CBT treatment of panic and agoraphobia
CBT for panic disorder and agoraphobia is organised around several goals:
1. helping you to understand the nature of anxiety, panic, and agoraphobia;
2. determining the range of situations that you avoid or fear;
3. evaluating the nature of your symptoms, their severity and frequency, and
4. the situations that elicit your panic
5. determining whether any other problems coexist with panic—for example, depression, other anxieties, substance abuse, overeating, loneliness, or relationship problems.
Your therapy may include some or all of the following treatment strategies:
- educating you about panic so that you learn not to fear it;
- breathing retraining;
- relaxation training;
- inducing panic (to show your brain that panic attacks are harmless and that you are not in danger);
- gradual exposure to s
ituations that elicit panic;
- identification and modification of your misinterpretations of your panic or arousal (e.g., “My heart is pounding, so I must be having a heart attack”), as well as the assumptions (e.g., “Physical sensations are dangerous”) and beliefs (e.g., “I am fragile and weak”) on which the misinterpretations may be based;
- coping with life stresses;
- assertion training (when needed);
- training in the ability to recognize and reduce your panic symptoms when they occur.
How to get the most from your CBT treatment?
CBT therapy is not a passive experience for patients. You are expected to come to sessions regularly, complete forms and questionnaires which help to explore and evaluate your problems, and do therapy assignments between sessions that you and your therapist plan and assign. Most patients who actively participate in this treatment experience improvement—and some experience rapid improvement. However even if you experience rapid improvement, however, you should complete the full treatment package. Premature dropout from treatment increases the likelihood that you will have relapses.
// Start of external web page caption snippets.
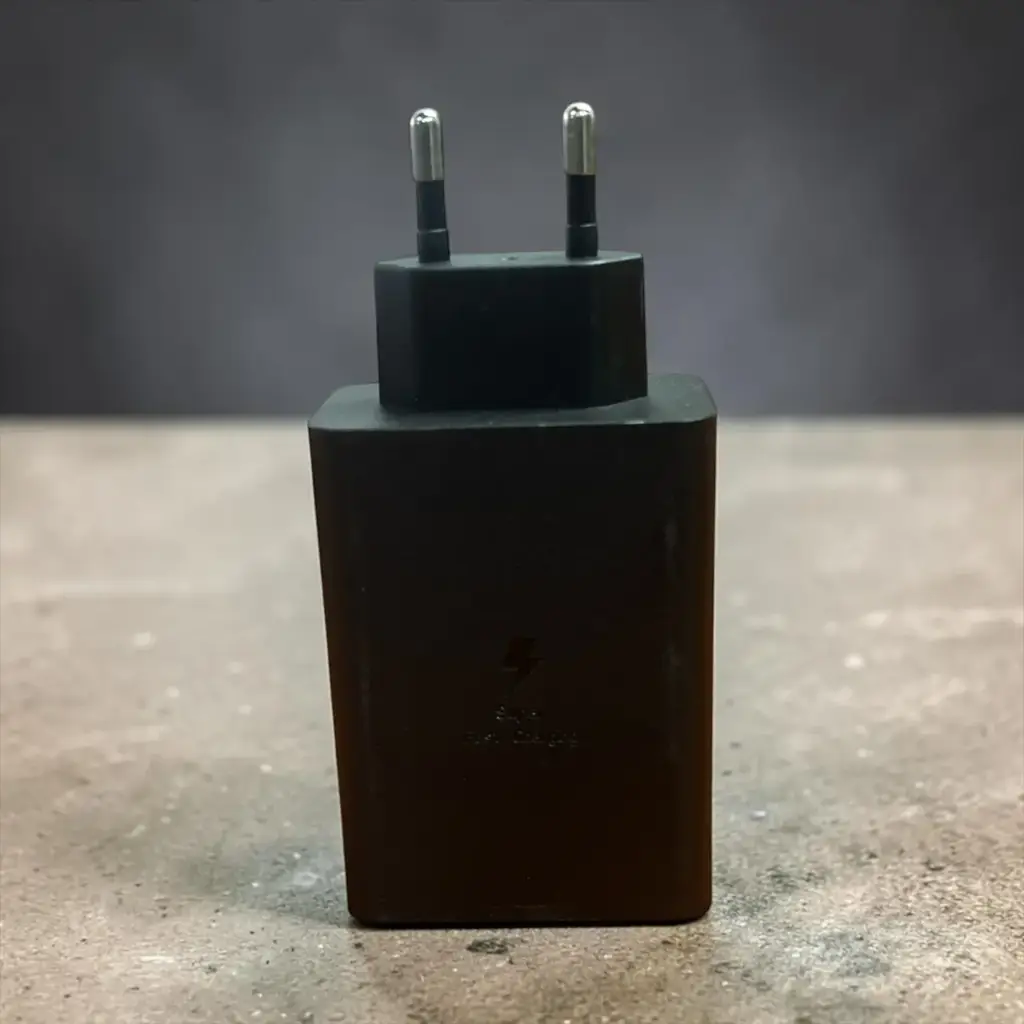 Power Adapter Tio 65W - View 3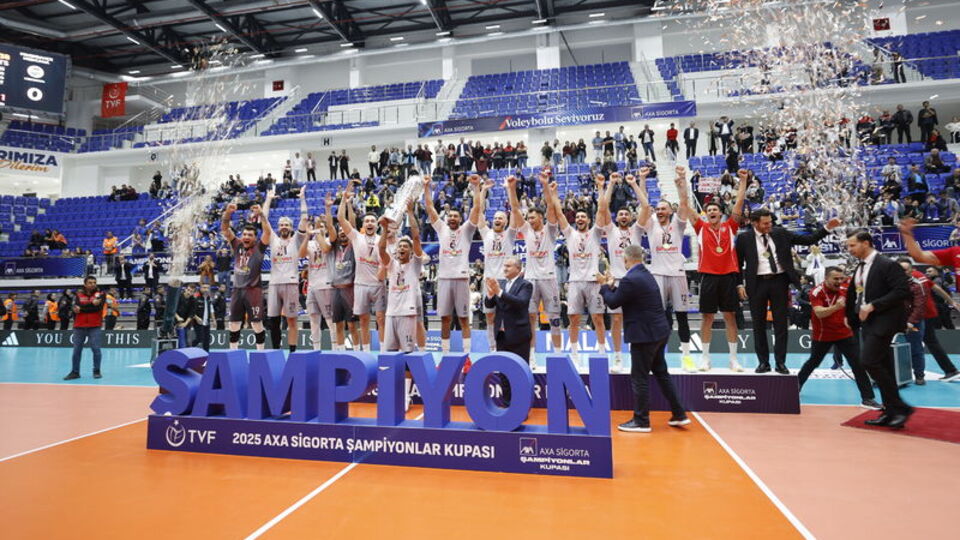 Şampiyonlar Kupası şampiyonu Ziraat Bankkart!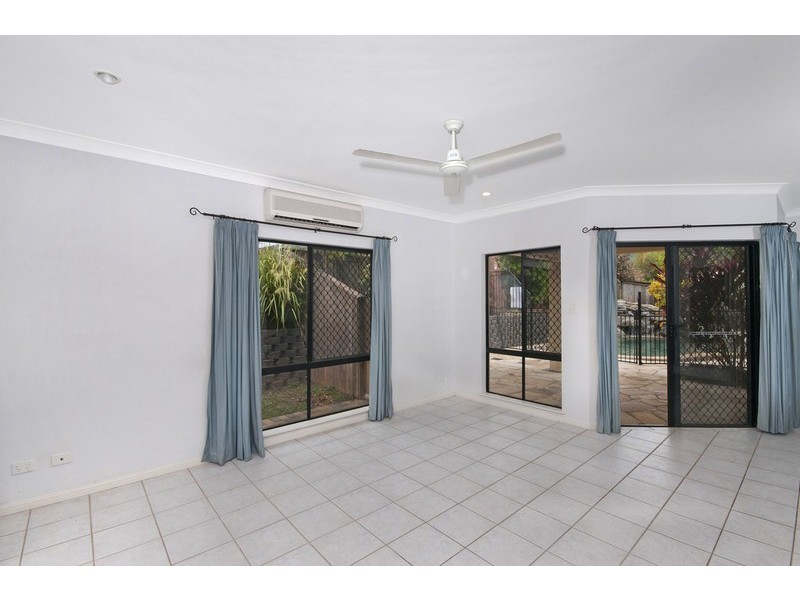 22 Spinos Street, Redlynch QLD 4870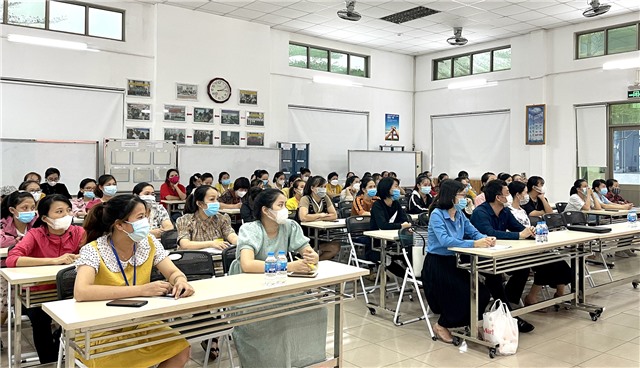 Tư vấn chăm sóc sức khỏe sinh sản cho nữ công nhân lao động Chi nhánh Công ty TNHH Sao Vàng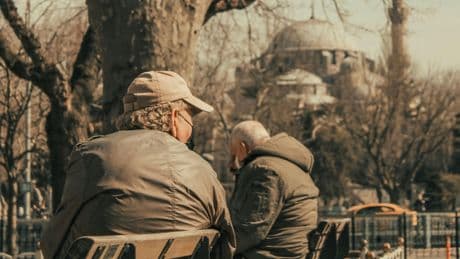 Üç emekli ikramiyesi  bir kurban hissesi etmiyor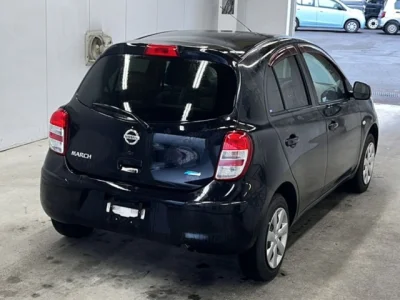 Nissan March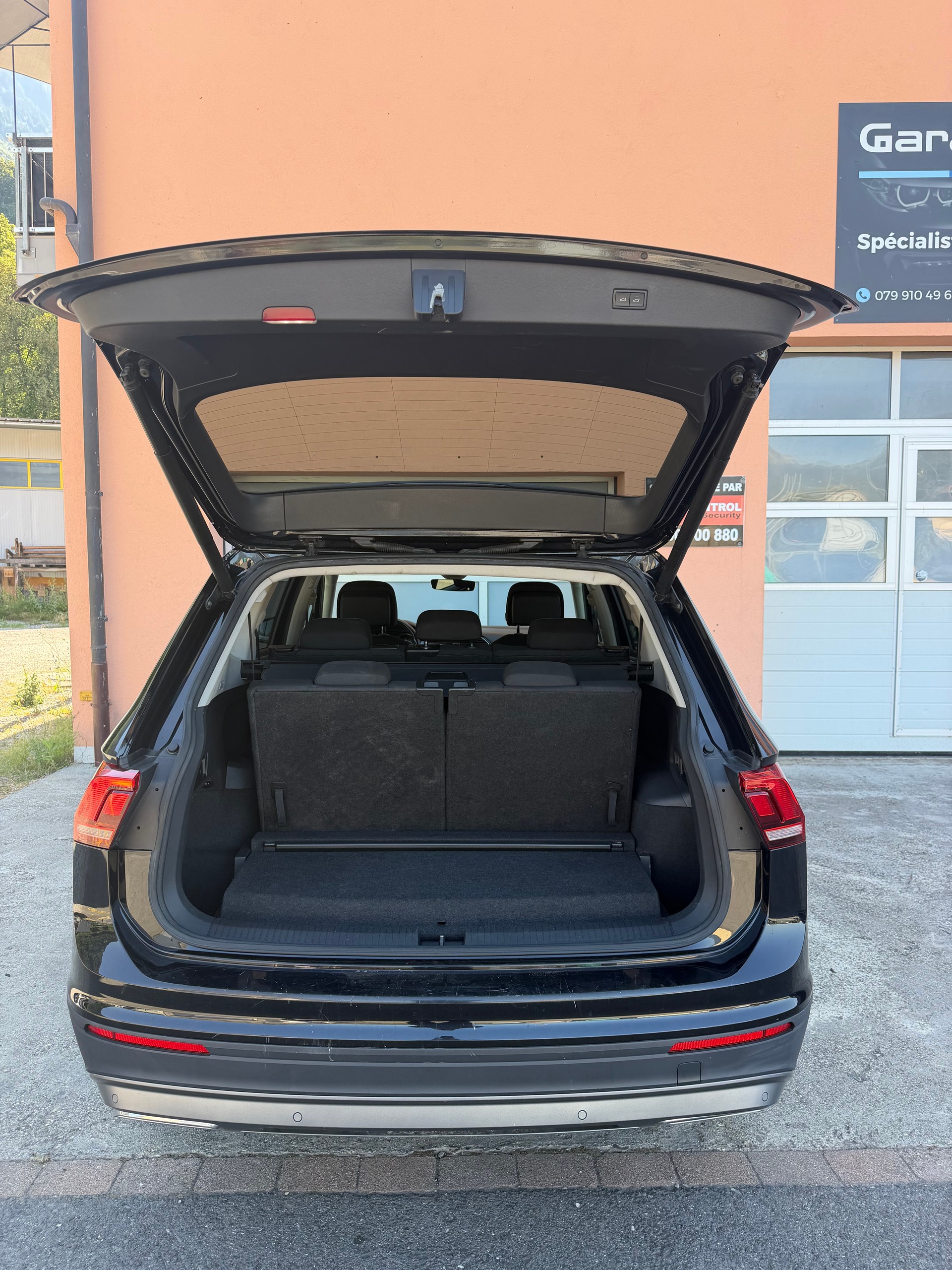 VW Tiguan Allspace 2.0 TDI SCR Comfortline 4MotionDSG 7 Places-image-7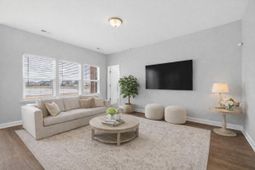 140 Lucca Drive photo 4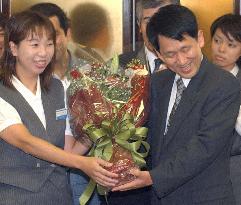 (3) Nobel chemical prize laureate Koichi Tanaka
It is likely that you will need about 12 sessions. The first few sessions are used for evaluation and explanation of the treatment with the remaining sessions used to implement strategies. After acute treatment is over, follow-up sessions may be scheduled bi-weekly, monthly, and so on to maintain gains and prevent relapse. This treatment can be viewed as a way in which you can learn how to help yourself. That is why your commitment to engaging in therapy both within and between session is so important.